My son is too young for seven-a-side games against other clubs so I’m relying on the testimonies of friends with older boys. They’ve been at matches where fathers – and mothers – have bawled across the width of the pitch at each 
other. During one game the boys suddenly stopped playing and told their parents to stop arguing because they were embarrassing them.

Perhaps this kind of overbearing behaviour is mostly found at the stage before academy because at that level there are clubs which demand that parents sign a commitment to stay silent while watching their children. Certainly May’s gripe is not about the pressure parents put on kids so much as the coaches. “They will ask questions and put demands on coaches,” he said. “I’d love to know if they do the same thing with the English or maths teacher.” Well, 
yes we do. Football is the greatest game in the world but our boys might not make the grade or even want it for a career. Best they stick in at school, keep their options open.

No prizes for guessing one of the parents’ most-asked questions. “If their son is not playing because there is somebody better than them, that is harsh but it is life,” said May. He’s right. It’s life, it’s football – a much tougher sport than some parents may have realised, back when they registered for the tots’ intake. My son’s club is quite middle-class and when his age-group left their 3G behind to play in their first football festival – on grass – they were roughed up a fair bit. Welcome to West Lothian – and welcome to the real world.

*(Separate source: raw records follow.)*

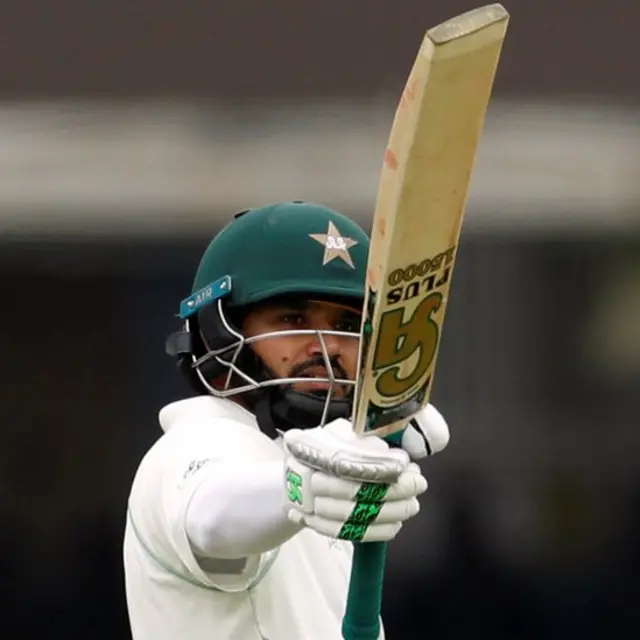 اظہر علی چھ چوکوں کی مدد سے اپنی 28ویں ٹیسٹ نصف سینچری مکمل کی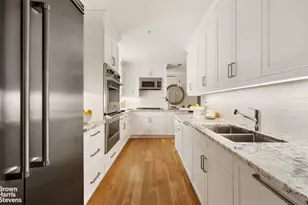317 W 89th St, New York City, NY 10024 - Photo 4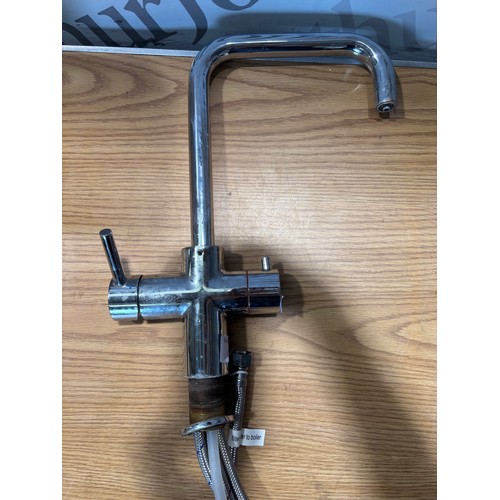 6370 - Reginox Tribezi chrome hot tap and tank, original RRP £249.99 + VAT (372-252) *This lot is subject t... 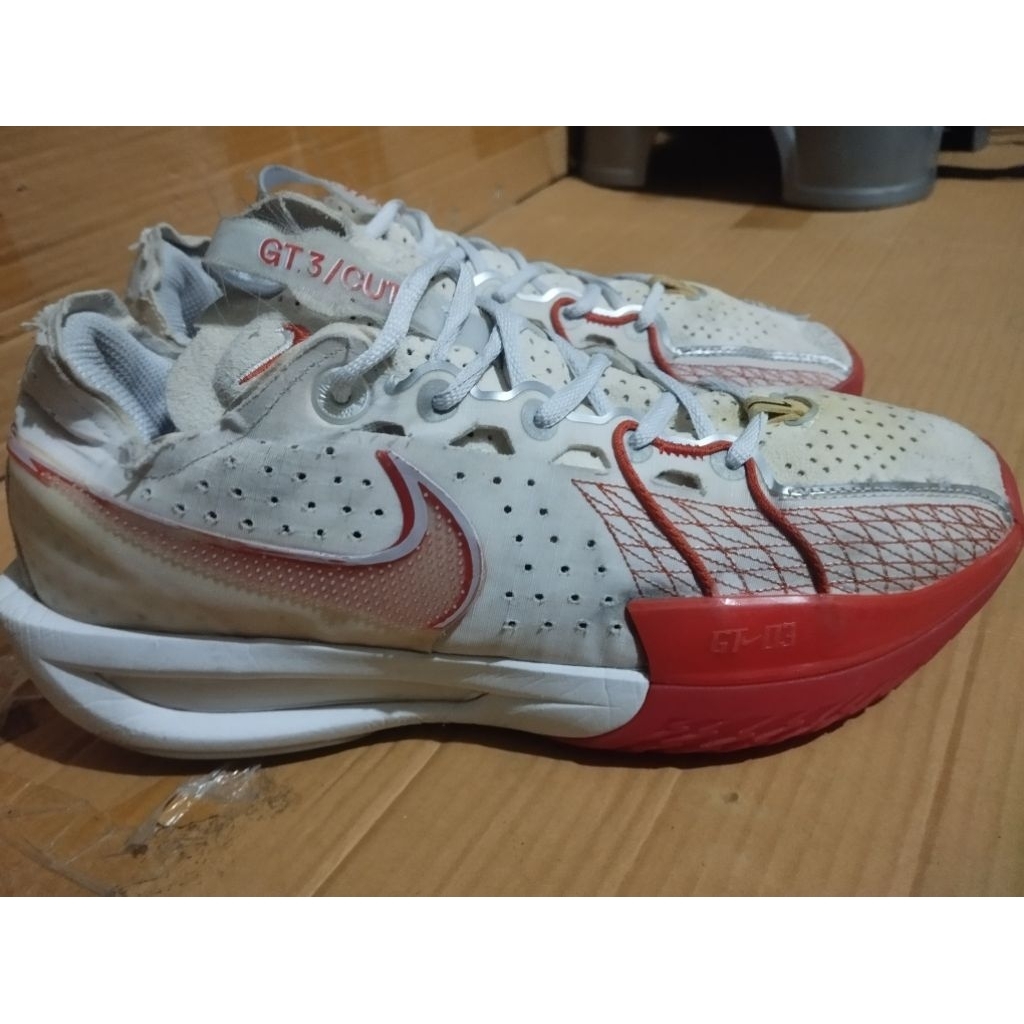 sepatu basket & voli nike gt3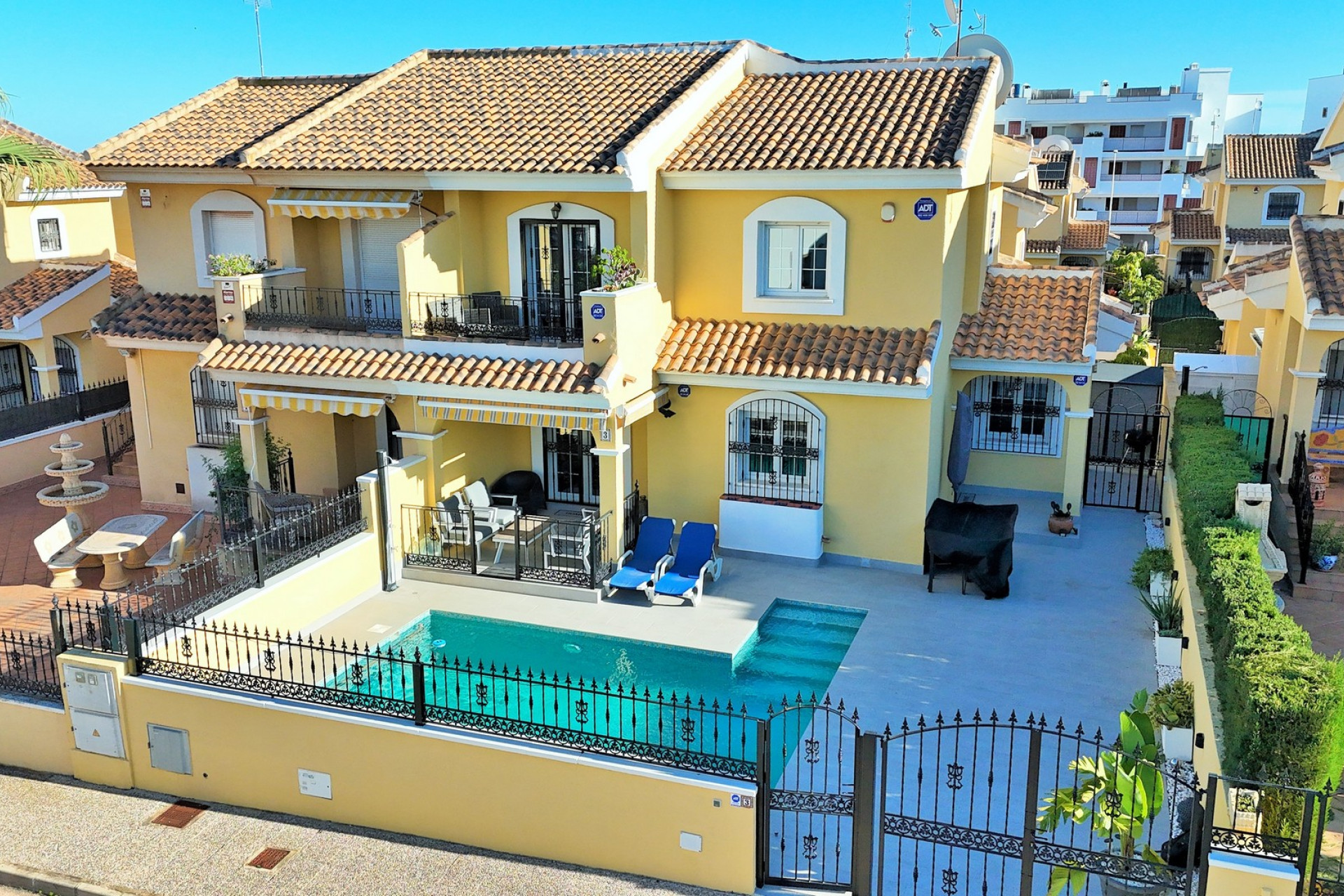 Reventa - 3. Casa pareada - Villamartin - Costa Blanca Sur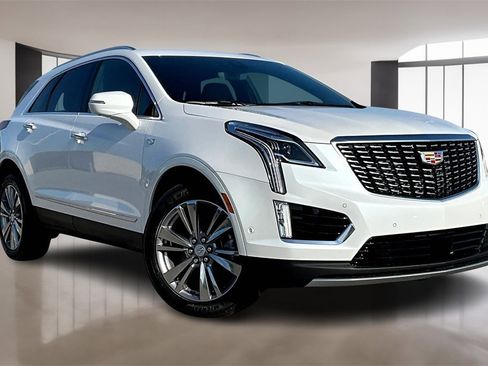 New 2025 Cadillac XT5 Premium Luxury w/ Technology Package image 2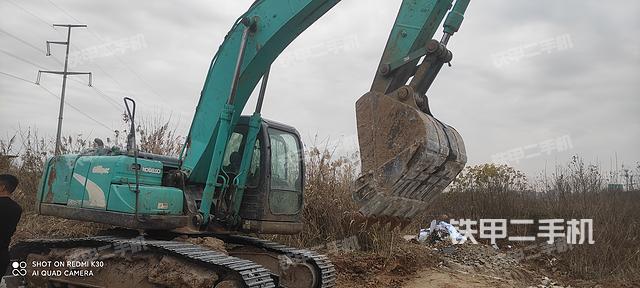 神鋼SK210LC-8挖掘機(jī)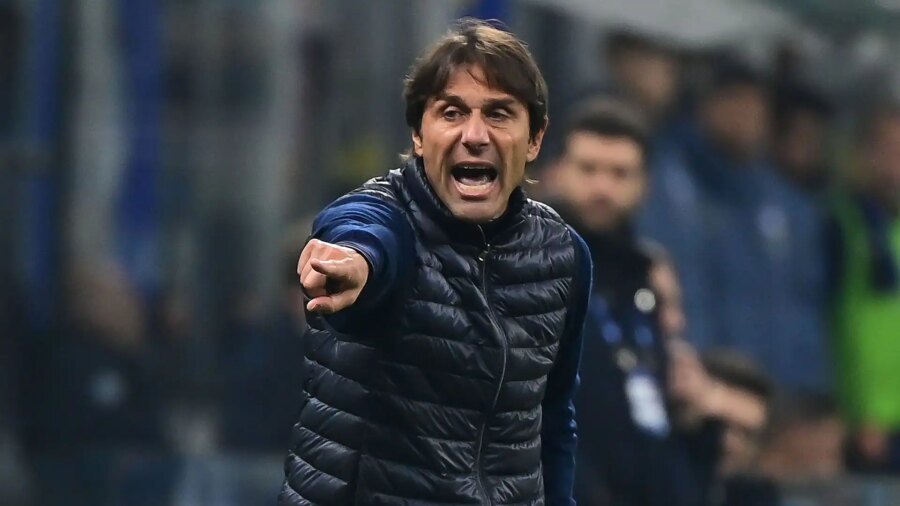Antonio Conte aprende de Pep Guardiola con su equipo del Nápoles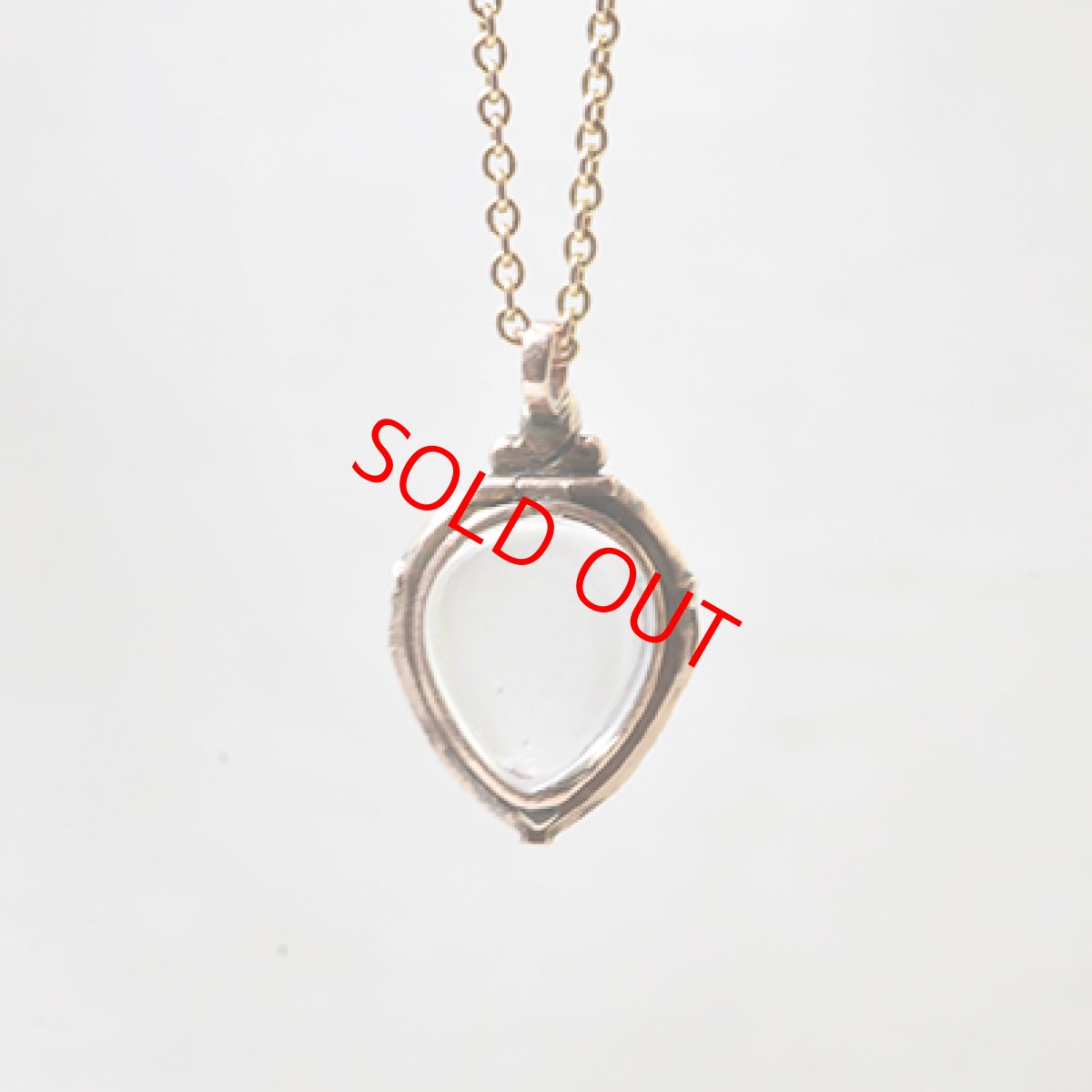 画像4: Gold.ガーネット・クリスタルロケットペンダント (4)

May’s point about there being “too many kids” is a valid one. Too many are brought into the system, they get too excited about the football dream – and too disappointed when it fizzles out. Eddie came to our club and launched a partnership with Hibs which I can confirm made one boy ecstatic and got his father – trying hard to keep a lid on things – definitely intrigued. Now, after just a few months, the sessions are being wound down.

Parents react like this because we love football and want our kids to get the best out of it, even if it’s just the best fun. This generation of mums and dads is more involved in their children’s lives than previous ones, and more protective as well. Too much mollycoddling? You bet there is, but if today’s young Scottish prospect is softer, not made of barbed wire like Billy Bremner was, less able to think for himself and less desperate to make it, then we’re not taking the rap for all of that. Football’s cocked up majorly and football’s got to sort it. We’ll carry on providing the taxi service and the sticking plasters.

That Inspectors’ Cup-tie? Oh, you know, St Joseph’s beat us 15-1, Peter Marinello’s nephew scoring eight.